--- TASK REQUIREMENTS ---
Print all the data that follows exactly, images excluded.

Data records

☆ ☆ ☆ ☆ ☆

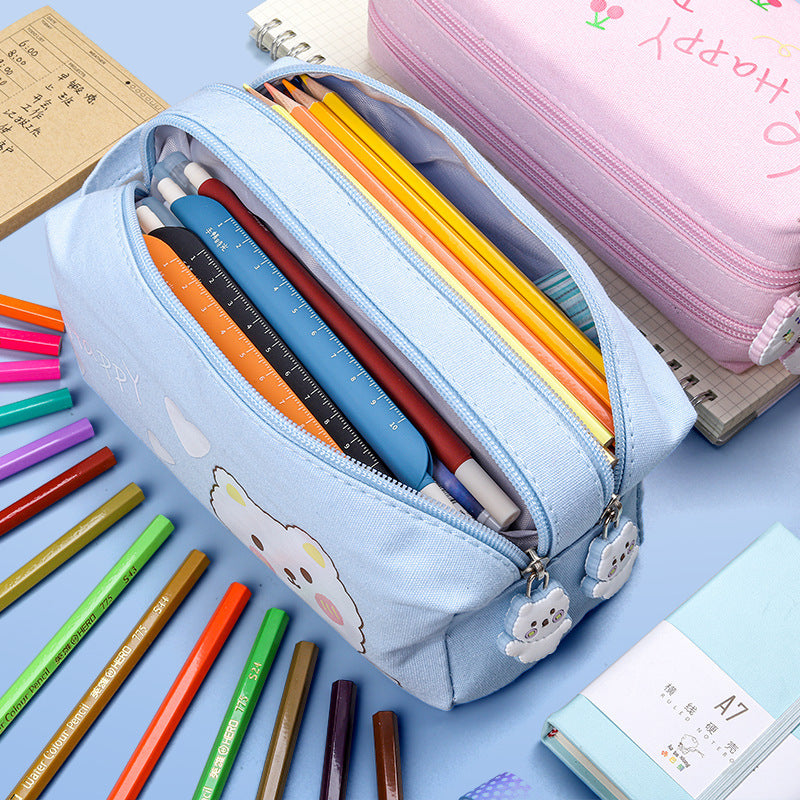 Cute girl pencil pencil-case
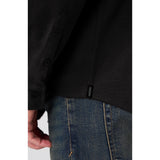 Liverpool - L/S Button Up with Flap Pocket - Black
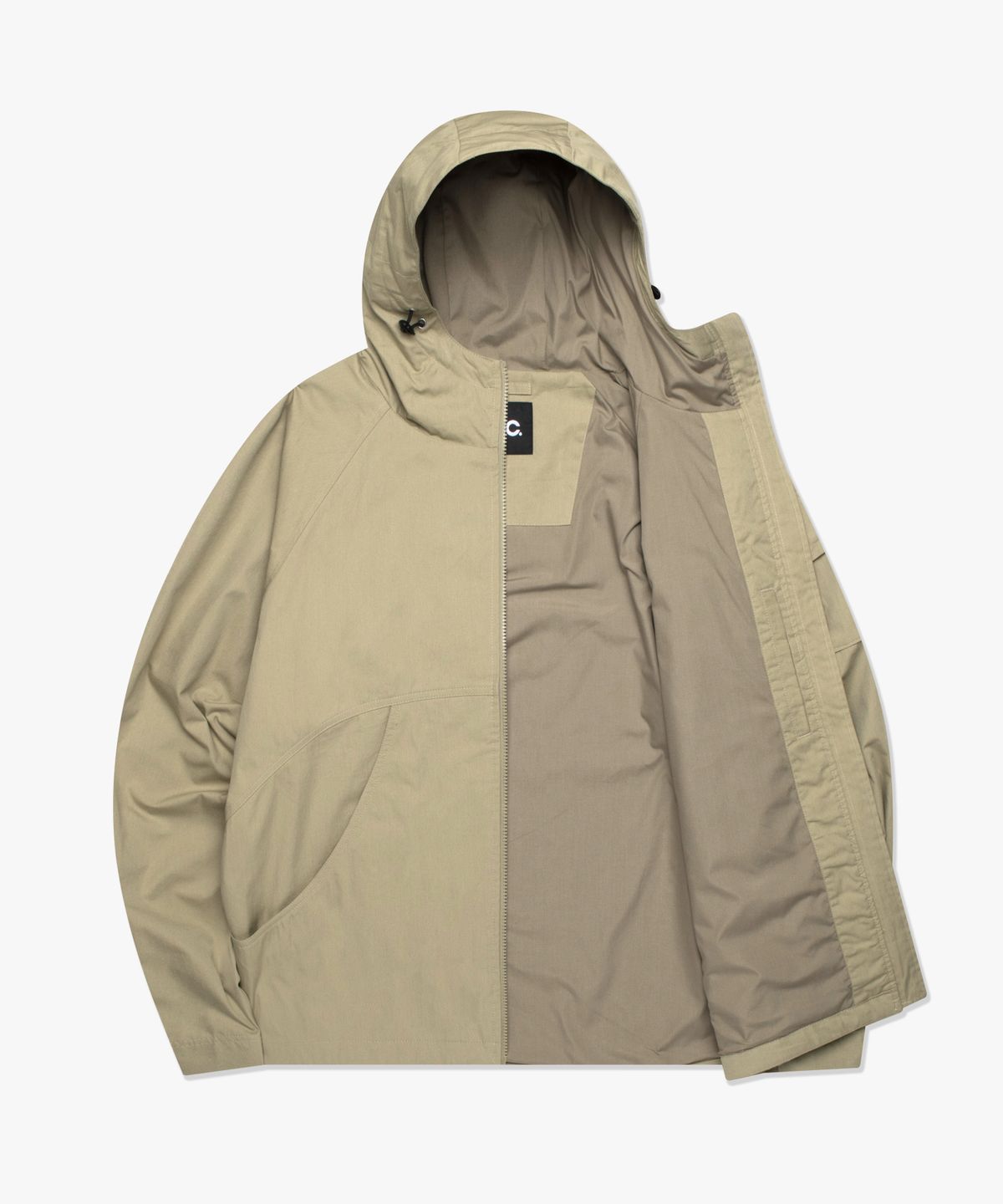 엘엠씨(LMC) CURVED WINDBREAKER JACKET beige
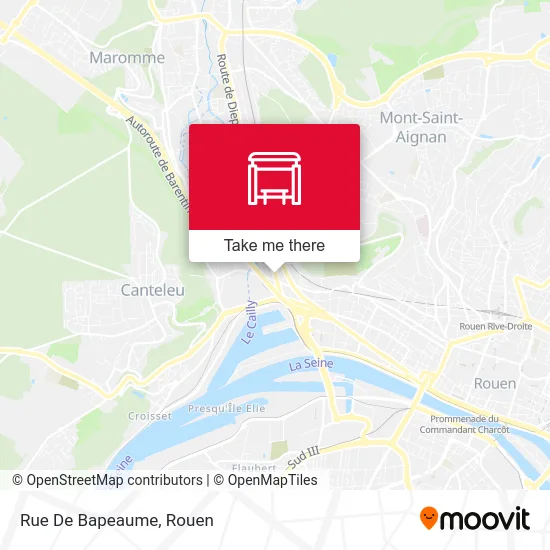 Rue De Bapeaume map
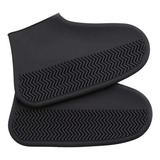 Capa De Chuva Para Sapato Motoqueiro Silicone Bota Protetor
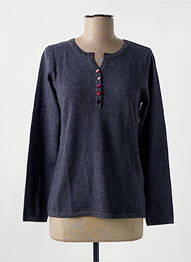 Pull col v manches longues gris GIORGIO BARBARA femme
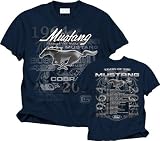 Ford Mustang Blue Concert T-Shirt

☆ ☆ ☆ ☆ ☆

--- REPLY ---
 Cute girl pencil pencil-case
 Liverpool - L/S Button Up with Flap Pocket - Black
 엘엠씨(LMC) CURVED WINDBREAKER JACKET beige
 Rue De Bapeaume map
 Capa De Chuva Para Sapato Motoqueiro Silicone Bota Protetor
 Pull col v manches longues gris GIORGIO BARBARA femme
 Ford Mustang Blue Concert T-Shirt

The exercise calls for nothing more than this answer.